Diese frühe personelle Maßnahme ergriff der immer so freundlich wirkende Xabi Alonso mit voller Konsequenz, weil er sie für unumgänglich hielt. “Natürlich war es keine einfache Entscheidung. Aber Odi hatte Gelb, wir hatten einige Probleme. Manchmal musst du handeln”, erklärte der Trainer fast entschuldigend, “es ist auch nicht die schönste Lösung, aber ich habe mit ihm geredet. Ich glaube, dass er es verstanden hat. Es ging um das Wohl der Mannschaft. Ein schlechter Tag kann jedem mal passieren.”

Xabi Alonso trifft in der Pause die richtigen Entscheidungen und den richtigen Ton

Dafür erwischte eben Kossounous Chef selbst einen richtig guten. Denn auch zur Halbzeit zog Xabi Alonso die passenden Register. Taktisch, indem er Alejandro Grimaldo und den wie Victor Boniface eingewechselten Jeremie Frimpong auf den Außen weit nach vorne beorderte. “Dadurch, dass Jerry und Grimaldo höher standen, haben wir mehr Raum im Mittelfeld geschaffen und dort auch das Spiel besser entwickelt. Da hatten wir vorher gefühlt keinen Balkontakt”, analysierte Geschäftsführer Simon Rolfes die gelungene Maßnahme.

Auch die Hereinnahme von Mittelstürmer Boniface und des quasi als Rechtsaußen agierenden Frimpong, der am Ende mal wieder mit einem Leverkusener Last-Minute-Treffer für den Ausgleich sorgte, zeigte Wirkung. Bayer war nach der Pause in der Offensive nun viel präsenter, hielt die Bälle besser. “Wir haben Charakter gezeigt, die Spieler, die von der Bank kamen, hatten einen sehr guten Einfluss”, stellte Xabi Alonso fest, der nicht nur personell die richtigen Konsequenzen gezogen hatte.

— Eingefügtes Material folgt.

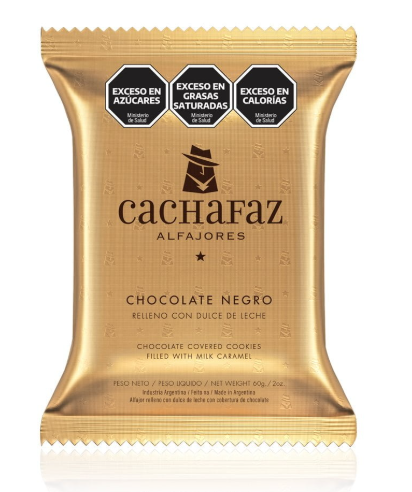 Alfajor Cachafaz Chocolate 60 g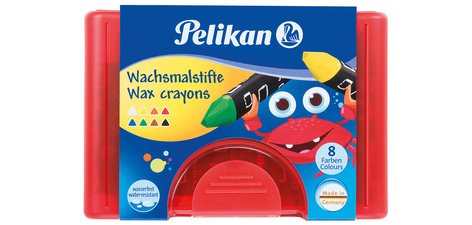 Crayon de cire épais 665/8 D, triangulaire,résistant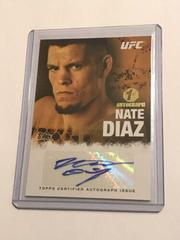 Nate Diaz Ufc Cards 2010 Topps UFC Autographs Prices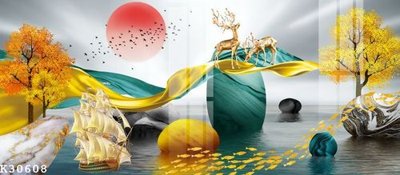 File tranh File gốc in tranh tổng hợp K30608 (ảnh gốc) độc quyền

So schaffte er es auch, die totale Verunsicherung, die bis zur Pause herrschte, mit seinen Ansagen in der Halbzeit zu beseitigen. “In der ersten Hälfte war es sehr schwer. Zur Halbzeit haben wir gesagt, wir wollen unabhängig vom Resultat einfach unser Spiel spielen und uns von nichts und niemand verunsichern lassen”, erklärte Abwehrchef Jonathan Tah, “das haben wir dann in der zweiten Hälfte gezeigt.”

Weil Xabi Alonso, die richtigen Entscheidungen traf – und den richtigen Ton. “Es gab viele Diskussionen in der Halbzeit. Positive, aber auch negative. Dementsprechend war die Reaktion in der zweiten Hälfte”, erklärte Granit Xhaka die wegweisenden Momente in der Kabine. In der Xabi Alonso dafür sorgte, dass seine Mannschaft wieder die Spielkontrolle übernahm – und nach der zweiten Hälfte verdientermaßen weiter vom Triple träumen darf.